By streamlining operations and incorporating efficient equipment, the Italian restaurant segment has held up in hard times.
Against tough odds, the Italian restaurant segment appears to be weathering the storm of today's rough economy.
For example, chains in this segment are expanding. Boca Raton, Fla.-based Rotelli Pizza, Pasta, Perfect, which has 30 fast-casual operations in six states, plans to open sites in Texas, California, Utah and even Brazil within the next year.
Other operations are changing to a gourmet format. When 312 Chicago opened in the Windy City 12 years ago, the focus was on Italian-American inspired cuisine. Since Chef Luca Corazzina took over last January, the menu has been revamped and is now more upscale.
More Italian restaurants are incorporating chef-driven concepts that feature authentic, imported ingredients from Italy. The menus at Corte Madera, Calif.-based Il Fornaio's 22 locations highlight fresh and seasonal Italian food, rotating every two weeks to feature new tastes from various regions.
Sales in the Italian restaurant segment totaled more than $15 billion in 2008, a 1.6 percent jump from the prior year, according to Chicago-based Technomic's 2009 report. Unit numbers remained steady at slightly more than 14,600 last year.
"Everyone loves Italian because it is consistent and offers variety," says Ben Rogers, executive chef at Brio Tuscan Grille, a 36-site chain is owned by Bravo Development of Columbus, Ohio. "Everyone can find something they like on the menu."
Like all segments, the goal of these restaurants is to keep operating costs down to help boost profitability. Consequently, Italian restaurant operators constantly seek out opportunities to streamline their operations.

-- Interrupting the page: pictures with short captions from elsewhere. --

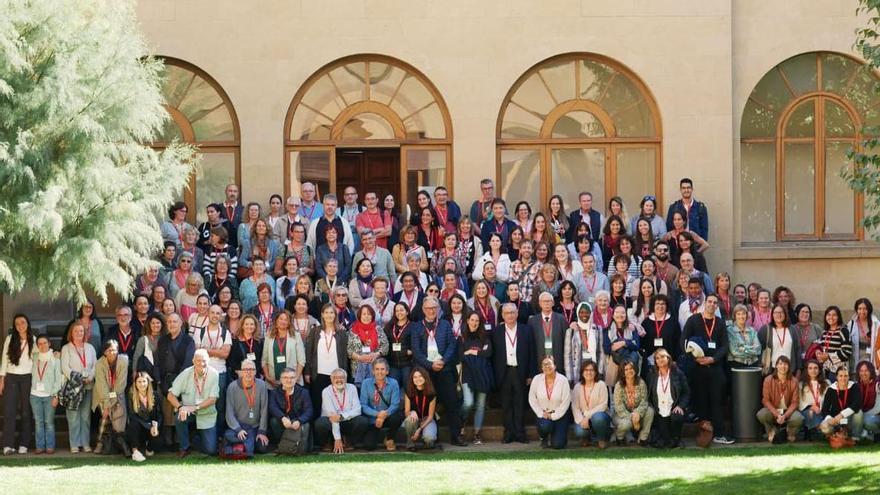 Més de cent cinquanta persones participen en la jornada de formació de Càrites de Catalunya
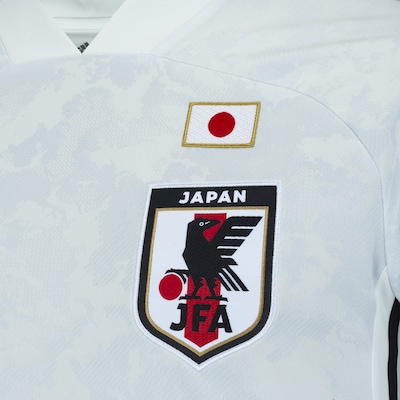 Camisa Seleção do Japão II 20/21 adidas - Masculina - Foto 5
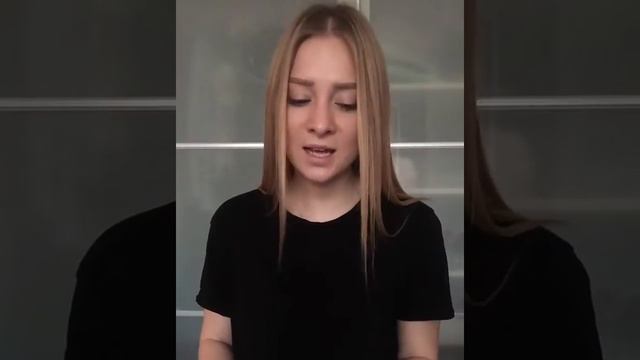 Нюша - Я хочу тебя любить // кавер @namioff смотреть онлайн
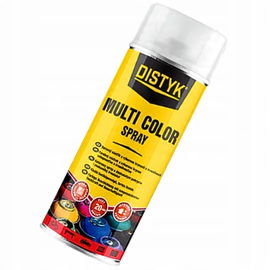 MULTI COLOR SPRAY NA POWIERZCHNIE BUDOWLANY 400ml BIAŁY ALPEJSKI DISTYK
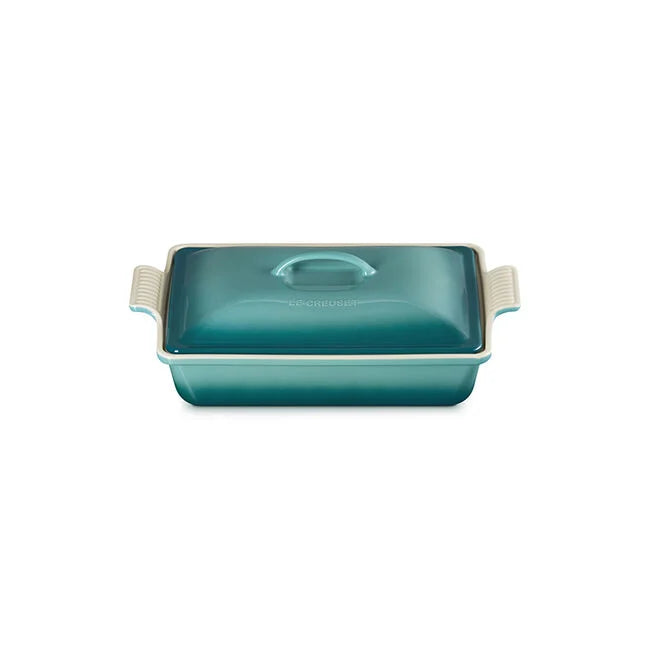 Le Creuset Heritage Rectangular Covered Casserole Dish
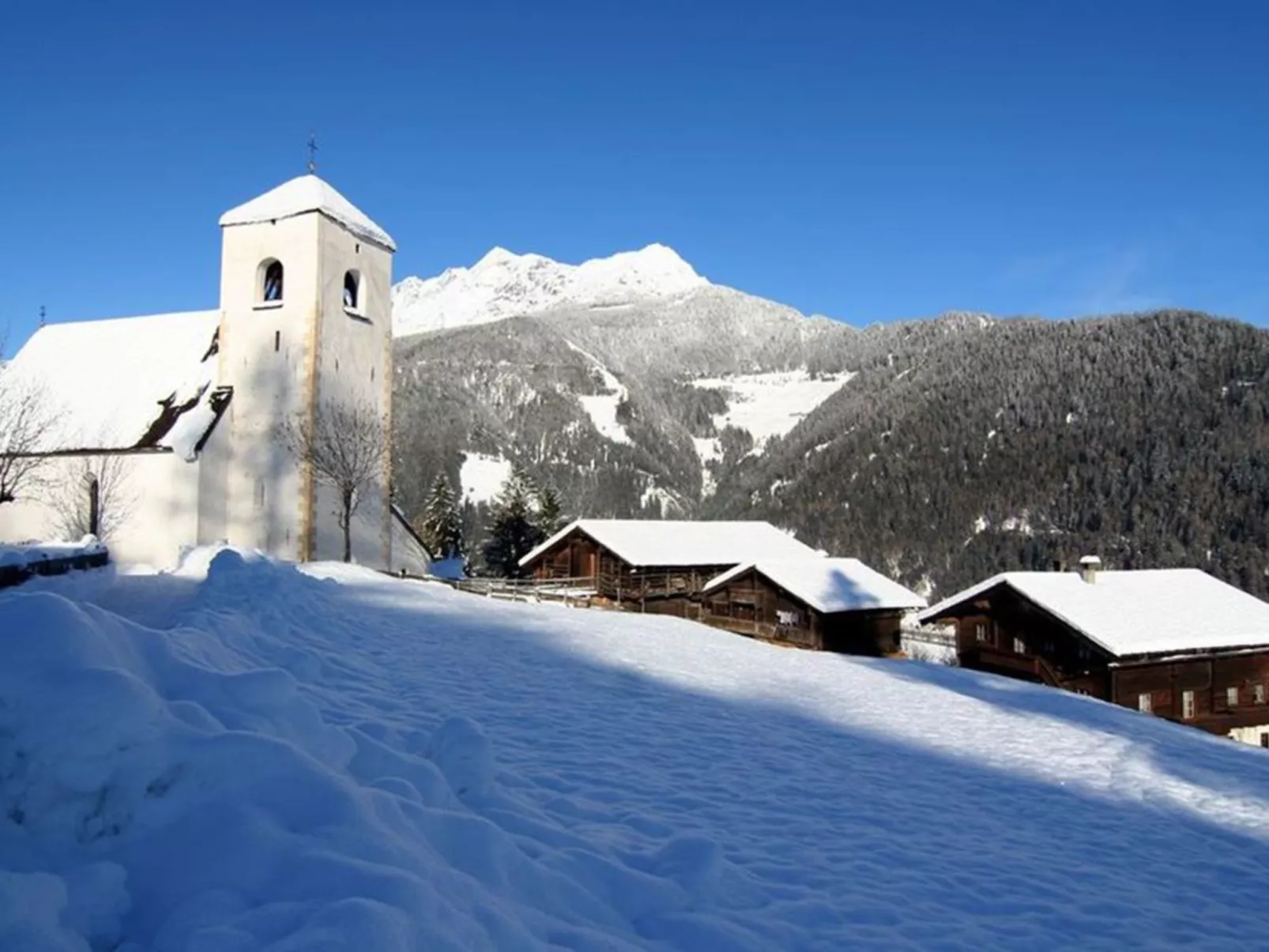 Hochwertige Ferienwohnung in Matrei In Osttirol-Inside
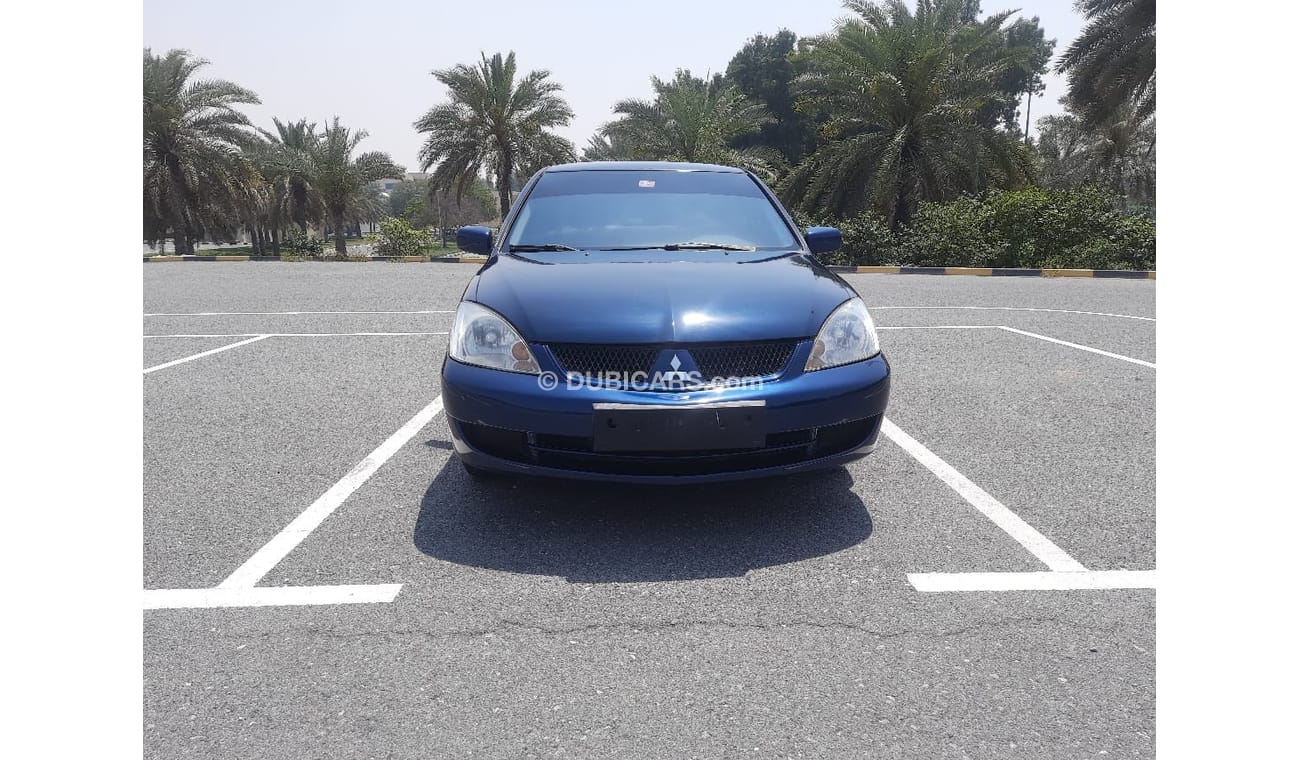 Mitsubishi Lancer Mitsubishi  Lancer (GCC SPEC) - 2009 - VERY GOOD CONDITION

"Pasta companies are working hard, experimenting with pre-prepared sauces," says Peter Schonman, corporate executive chef at Bloomington, Ill.-based Biaggi's Ristorante, which has 21 locations nationwide. "Even in Italy, they are creating frozen sauce cubes to expedite production. U.S. pasta factories and companies are using the latest technology to develop pasta stuffed with chunks of ingredients, instead of ground fillings. This fits more with what American consumers are looking for."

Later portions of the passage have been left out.